Short descriptive text snippets
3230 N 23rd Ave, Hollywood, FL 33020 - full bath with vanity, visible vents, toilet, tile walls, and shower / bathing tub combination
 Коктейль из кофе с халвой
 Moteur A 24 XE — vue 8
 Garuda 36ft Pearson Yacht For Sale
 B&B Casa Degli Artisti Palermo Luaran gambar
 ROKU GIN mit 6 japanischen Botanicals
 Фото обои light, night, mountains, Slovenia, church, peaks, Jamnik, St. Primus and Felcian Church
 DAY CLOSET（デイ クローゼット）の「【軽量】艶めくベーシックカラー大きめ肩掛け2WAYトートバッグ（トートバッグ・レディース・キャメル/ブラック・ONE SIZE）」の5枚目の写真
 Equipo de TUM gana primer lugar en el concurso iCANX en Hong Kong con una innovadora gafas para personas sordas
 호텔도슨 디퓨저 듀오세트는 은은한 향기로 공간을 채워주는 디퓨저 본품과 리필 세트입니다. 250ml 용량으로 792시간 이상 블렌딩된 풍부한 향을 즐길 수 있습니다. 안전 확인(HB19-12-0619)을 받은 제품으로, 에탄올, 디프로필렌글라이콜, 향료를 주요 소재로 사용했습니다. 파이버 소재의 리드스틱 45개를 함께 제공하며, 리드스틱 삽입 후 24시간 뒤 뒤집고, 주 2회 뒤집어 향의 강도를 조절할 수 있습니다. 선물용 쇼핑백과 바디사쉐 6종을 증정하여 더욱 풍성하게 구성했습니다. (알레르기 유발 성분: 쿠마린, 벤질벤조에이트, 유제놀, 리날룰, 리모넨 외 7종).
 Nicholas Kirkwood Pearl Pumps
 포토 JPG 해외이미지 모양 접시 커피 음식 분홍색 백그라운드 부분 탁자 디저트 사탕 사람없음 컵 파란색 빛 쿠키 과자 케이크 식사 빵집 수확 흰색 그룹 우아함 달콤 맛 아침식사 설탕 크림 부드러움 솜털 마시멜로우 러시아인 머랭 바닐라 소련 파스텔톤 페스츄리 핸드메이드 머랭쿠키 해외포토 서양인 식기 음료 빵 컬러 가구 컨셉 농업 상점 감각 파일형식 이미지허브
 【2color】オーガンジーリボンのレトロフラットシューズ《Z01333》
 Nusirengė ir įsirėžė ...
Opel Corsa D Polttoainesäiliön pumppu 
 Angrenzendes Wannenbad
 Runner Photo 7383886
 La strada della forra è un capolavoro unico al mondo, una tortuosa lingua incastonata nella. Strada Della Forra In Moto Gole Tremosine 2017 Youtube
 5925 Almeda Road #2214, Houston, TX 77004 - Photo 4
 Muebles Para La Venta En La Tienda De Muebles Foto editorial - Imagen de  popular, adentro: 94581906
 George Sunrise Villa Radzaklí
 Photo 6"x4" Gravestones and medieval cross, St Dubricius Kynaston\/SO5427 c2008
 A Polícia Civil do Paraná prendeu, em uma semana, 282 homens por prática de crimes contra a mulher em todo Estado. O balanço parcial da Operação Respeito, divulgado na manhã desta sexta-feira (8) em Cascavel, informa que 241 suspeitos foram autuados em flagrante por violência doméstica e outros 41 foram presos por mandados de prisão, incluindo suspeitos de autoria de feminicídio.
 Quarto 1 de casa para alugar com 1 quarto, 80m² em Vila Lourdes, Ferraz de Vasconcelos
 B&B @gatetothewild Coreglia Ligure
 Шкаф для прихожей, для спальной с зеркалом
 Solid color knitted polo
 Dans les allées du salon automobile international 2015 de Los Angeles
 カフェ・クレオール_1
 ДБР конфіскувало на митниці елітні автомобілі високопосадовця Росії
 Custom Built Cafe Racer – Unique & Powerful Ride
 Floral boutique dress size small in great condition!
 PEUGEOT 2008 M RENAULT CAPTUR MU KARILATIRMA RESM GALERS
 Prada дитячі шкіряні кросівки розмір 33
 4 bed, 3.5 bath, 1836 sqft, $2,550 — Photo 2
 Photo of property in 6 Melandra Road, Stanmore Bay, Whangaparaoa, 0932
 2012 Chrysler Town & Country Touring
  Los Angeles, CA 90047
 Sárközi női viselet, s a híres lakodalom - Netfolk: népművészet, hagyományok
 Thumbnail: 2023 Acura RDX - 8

**AIM OF THE TASK:**
Set down nothing but the lines from the one with "Sárközi női viselet, s" through the end of the records, keeping each line exactly as written and including both ends.

**THE ANSWER:**
 Sárközi női viselet, s a híres lakodalom - Netfolk: népművészet, hagyományok
 Thumbnail: 2023 Acura RDX - 8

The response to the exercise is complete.